Selain buku, Presslist 15 juga memperkenalkan 5 Pusat Studi Penelitian baru: Bioavtur, Kearifan Lokal Bali, Kamboja, Material Maju, dan Rompi Anti Peluru, memperluas Madya Padma dari jurnalistik ke riset ilmiah. Kemeriahan acara semakin terasa dengan pengumuman pemenang lomba dan karya terfavorit, yang diharapkan menjadi motivasi bagi siswa untuk terus berkarya.

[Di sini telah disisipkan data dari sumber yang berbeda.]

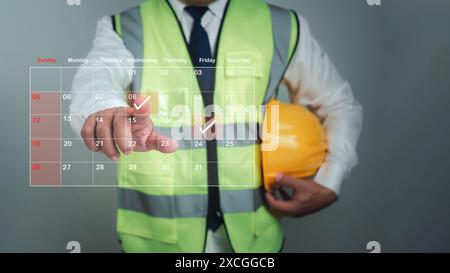 Architekt oder Ingenieur, der mit dem Finger auf Baudaten im virtuellen Kalender, Projektpräsentationsplan, Baukostenplanung, Konstrukt zeigt Stockfoto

Sebagai perwakilan panitia, Vioxa Raam Vedanantha memberi pesannya kepada peserta “Harapan saya, semoga para peserta yang berpatisipasi pada lomba ini bisa menjadikan wadah untuk mengembangkan kreativitasnya dalam bidang jurnalistik.”
Disela itu, Vioxa juga mengungkap tantangan terbesarnya selama persiapan Presslist 15 “Bisa dibilang tantangannya itu susah untuk mengatur waktu karena mendadak, waktunya mepet, dan juga hari libur.”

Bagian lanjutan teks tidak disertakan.